Discussion on: In programming, is it better to have many small files or one large file?

View post

Basically, if you need (almost) all data from a file, keep it in one file. If you need just a small subset at a time and you can explicitly request a specific subset, keep subsets in separate files.

Let's say you have to create an address book for a small company. It contains a few offices and you will want to show all of them at once. It makes sense to keep the addresses in one file. But what if you were to create an address book of all companies in your country?

You would probably need to find a way to group addresses and keep them in separate files. Otherwise, it would be difficult to send so much data to a client or even open it on a server.

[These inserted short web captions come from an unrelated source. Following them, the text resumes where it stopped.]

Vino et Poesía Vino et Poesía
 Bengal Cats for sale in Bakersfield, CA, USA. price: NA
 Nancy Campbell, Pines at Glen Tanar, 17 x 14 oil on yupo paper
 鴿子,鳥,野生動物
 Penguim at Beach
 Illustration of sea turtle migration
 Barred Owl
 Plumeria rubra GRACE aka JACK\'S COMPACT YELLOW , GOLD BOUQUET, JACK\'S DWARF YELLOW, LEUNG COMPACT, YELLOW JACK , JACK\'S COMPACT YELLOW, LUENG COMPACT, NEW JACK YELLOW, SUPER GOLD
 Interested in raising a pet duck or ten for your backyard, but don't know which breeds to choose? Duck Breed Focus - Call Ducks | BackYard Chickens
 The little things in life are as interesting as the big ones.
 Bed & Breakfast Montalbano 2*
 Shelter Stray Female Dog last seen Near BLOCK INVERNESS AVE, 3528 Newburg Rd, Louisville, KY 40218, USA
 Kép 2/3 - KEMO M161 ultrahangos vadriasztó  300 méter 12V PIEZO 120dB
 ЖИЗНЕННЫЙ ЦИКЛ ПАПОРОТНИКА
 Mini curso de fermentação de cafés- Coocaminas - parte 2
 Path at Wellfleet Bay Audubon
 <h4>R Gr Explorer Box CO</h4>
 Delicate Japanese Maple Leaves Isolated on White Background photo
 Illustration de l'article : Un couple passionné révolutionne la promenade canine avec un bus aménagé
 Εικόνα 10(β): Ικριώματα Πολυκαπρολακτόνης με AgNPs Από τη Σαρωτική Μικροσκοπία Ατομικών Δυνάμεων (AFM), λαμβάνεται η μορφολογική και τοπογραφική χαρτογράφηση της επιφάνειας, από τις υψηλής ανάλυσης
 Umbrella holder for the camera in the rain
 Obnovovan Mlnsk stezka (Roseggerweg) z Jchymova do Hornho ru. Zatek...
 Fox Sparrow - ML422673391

One solution would be to group addresses alphabetically. One file would contain companies starting with 'a', another starting with 'b' and so on. Then, your address book could allow a user to pick the first letter and reduce the amount of data loaded unnecessarily. You could further reduce file size by grouping addresses by the first two letters: 'aa', 'ab', 'ac'... Then, you could easily create a search on your site that would work when a user enters the first two letters.

This is pretty much how databases work with indexes and partitioning.

Sometimes, even if you need to send all the data to a user, you might want to keep it in separate files. Back in the days of floppy disks, a game would consist of 19 archive files (rar/zip), each under 1.44. This is still a relevant approach in the days of the internet as you can deliver "just enough" data to a user more quickly and load subsequent packages while the user is enjoying the data.